What Are Some Sports Management Careers?
If you are a sports fan and have always wanted to work alongside athletes, you might want to pursue a sports management career. Read on to learn about some of the professions in sports management, including employment prospects and potential salaries.
Sports Management Defined
Sports management is a broad term that refers to the business side of the sports industry. It can include any function that keeps a sports team operational and profitable. This encompasses the general care and upkeep of athletes and teams, marketing and event planning. Sports managers work in all sectors of the industry, including recreational, professional and college sports. Common careers in the industry include coaching, scouting, and athletic training.
Important Facts About Sports Management Careers
|Coaches and Scouts||Athletic Trainers|
|Mean Salary (2018)||$43,870||$49,280|
|Job Outlook (2016-2026)||13% growth (faster than average)||23% growth (much faster than average)|
|Required Education||Coaches for college and professional teams as well as professional scouts are typically required to have a bachelor's degree||Bachelor's degree; requirements for certification and licensure vary by state|
|Key Skills||Communication skills, decision-making skills, resourcefulness||Ability to be detail-oriented, compassion, interpersonal skills|
Source: U.S. Bureau of Labor Statistics
Coaching is one of the most common sports management positions. As a coach, you will help organize and lead an athlete or a team of athletes. You will train these athletes by planning and implementing drills and fitness routines while monitoring their performances in order to identify their strengths and weaknesses. You may work one-on-one with singular team members to improve performance. You'll also develop plays and strategies for games and provide advice and direction during competitions.

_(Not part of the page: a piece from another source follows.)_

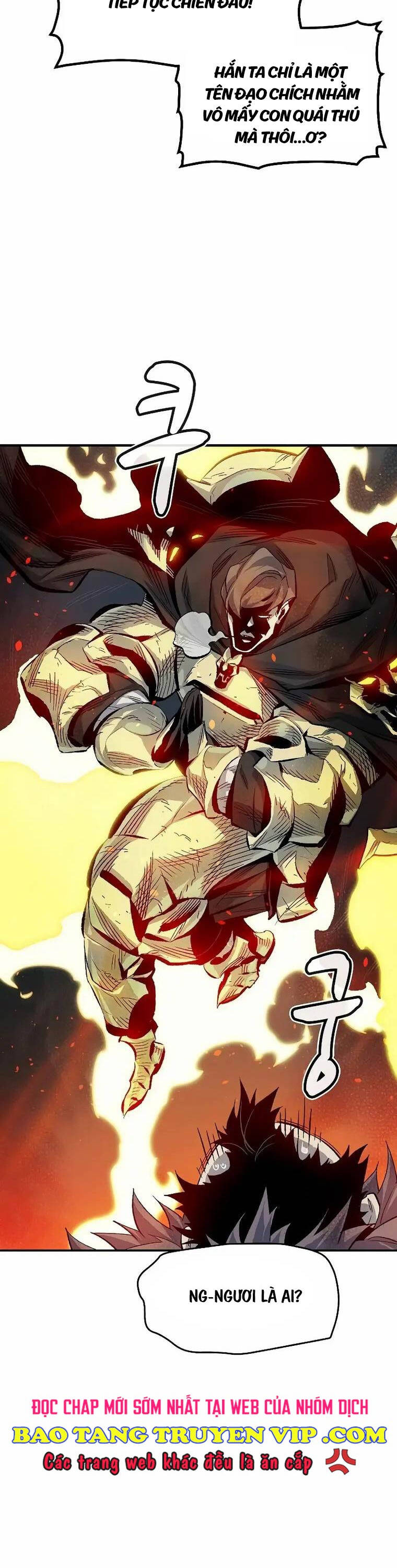 Độc Cô Tử Linh Sư - Chapter 119 - Page 48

Coaches typically specialize in one sport such as soccer, football, baseball, basketball, golf or tennis. Coaches must have a strong knowledge of a given sport's rules and tactics, and they should ideally have extensive experience playing in or speculating the sport in which they specialize.
In a scouting position, you discover new athletes for the team or organization you represent. It is your responsibility to observe players in action at sporting events and to determine their potential. You may do additional research such as conducting interviews, reading about athletes' performances and watching videos of their games. If players are being considered for a draft, you might ask them to perform drills or additional demonstrations. This career requires a degree of subtlety; you want to avoid revealing your interest in a player to other scouts who might try to recruit that player first or interfere with your recruiting methods.

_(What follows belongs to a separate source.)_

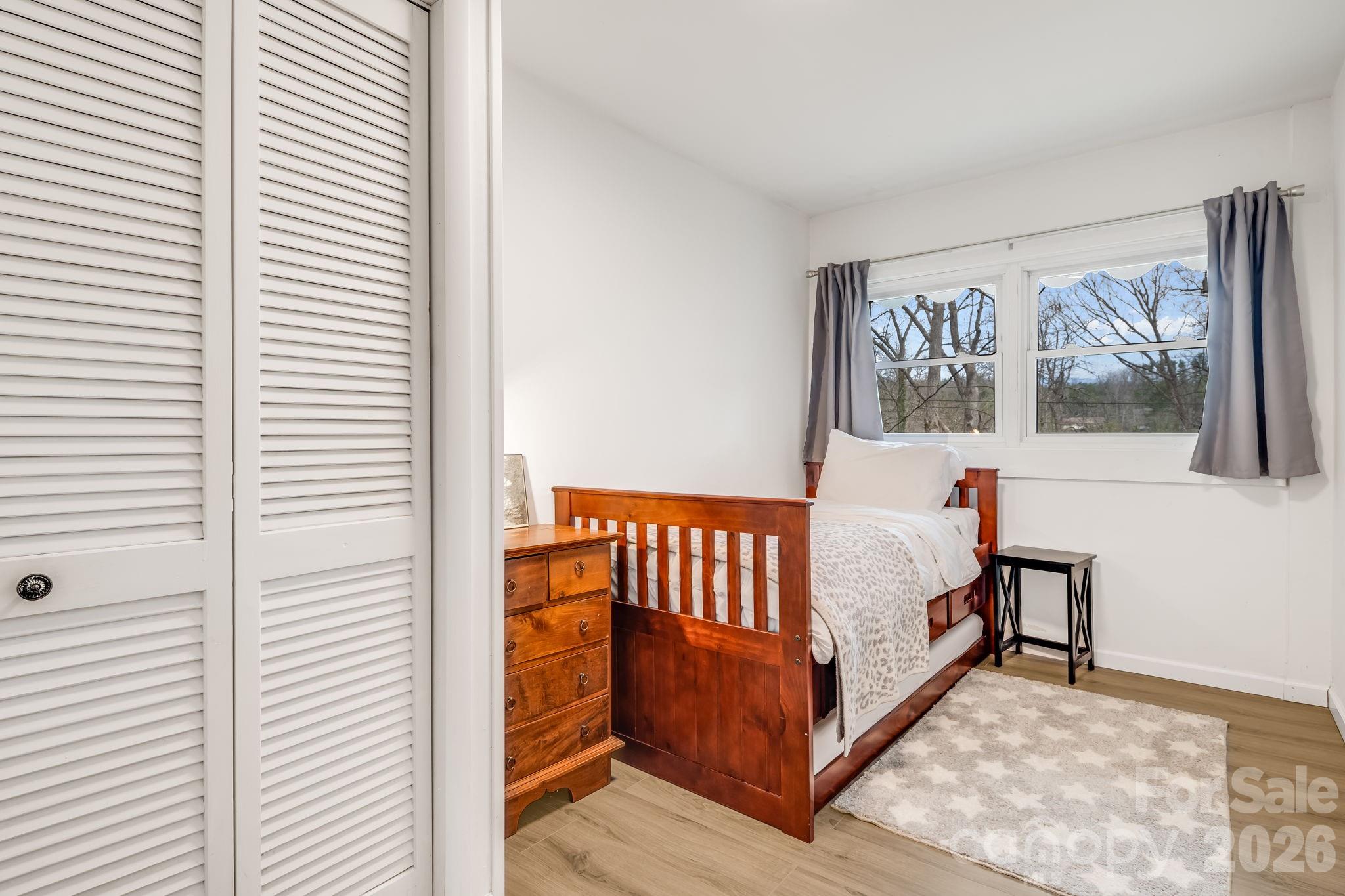 2203 Swiss Pine Lake Drive — Spruce Pine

Scouts are usually employed by a specific team or scouting organization. It may also be possible to freelance. This involves finding and representing players through contract negotiations with professional sports teams. Depending on your experience or area of focus, you might scout athletes at the high school or college levels. Experience and a thorough understanding of the sport you are working in are absolutely necessary.

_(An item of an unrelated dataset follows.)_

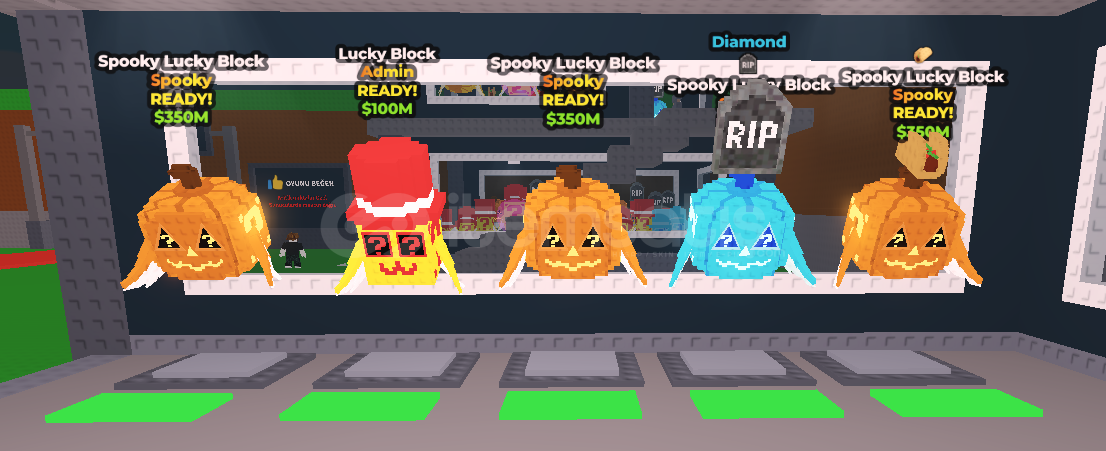 Steal A Braniot 4 spoky 1 admin lucky block. Steal A Braniot 4 spoky 1 admin lucky block.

When athletes need help recovering from injuries, they turn to athletic trainers. In this healthcare-related profession, you examine, assess and treat illnesses and injuries related to bones and muscles. These types of injuries and illnesses are often the result of intensive gameplay and practice. You will also help reduce the risk of future injuries by educating athletes about proper exercise and equipment usage.
As an athletic trainer, you might be employed directly by a sports team or athlete. In this capacity, you could help athletes if injuries occur on the field. Alternatively, you could work in a rehabilitation center, where athletes go to restore function after an injury.